Durch die Halbleiter-Probleme seien die Autohersteller finanziell recht glimpflich gekommen, da sie mehr teurere Fahrzeuge verkauft hätten, sagte Pacheco. „Doch das Problem ist, in diesem Jahr schrumpft der Spielraum dafür, da letztendlich entscheidend ist, wie sehr die Kunden bereit sind, mehr zu bezahlen.“ Der Preisauftrieb in den Lieferketten dürfte den Autobauern gleichzeitig kaum die Möglichkeit geben, Autos günstiger zu verkaufen, ohne Verluste in Kauf zu nehmen, insbesondere bei Elektroautos. „Und das wird mit Sicherheit die Akzeptanz von Elektrofahrzeugen beeinträchtigen.“ Bei Verbrennern kann das mittlere Preissegment besonders stark schrumpfen. Die Nutzungszeit von Fahrzeugen kann sich weiter verlängern.
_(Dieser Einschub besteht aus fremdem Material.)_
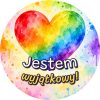 Wzór: Przypinka Jestem Wyjątkowy Plama – grafika z napisem Jestem wyjątkowy!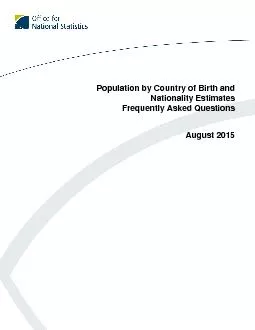 Population by Country of Birth and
Holen chinesische Autos auf?
Der Gartner-Analyst schließt gleichzeitig nicht aus, dass chinesische Autobauer versuchen könnten, bei einem Konflikt den Zugang zu für sie günstigeren russischen Rohstoffen für den Ausbau ihrer Position sowohl in Russland als auch auf dem Weltmarkt zu nutzen.
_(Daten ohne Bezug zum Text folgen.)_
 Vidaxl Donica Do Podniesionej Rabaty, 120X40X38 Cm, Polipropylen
Für die Hersteller werden potenziell sinkende Autoverkäufe erwartet, nun noch wichtiger, das Geschäft mit digitalen Diensten auszubauen. „Denn schließlich, wenn man keine Autos verkaufen kann, muss man etwas anderes verkaufen.“ Pacheco rechnet als Folge der Entwicklung auch mit neuen Fusionen und Übernahmen in der Branche.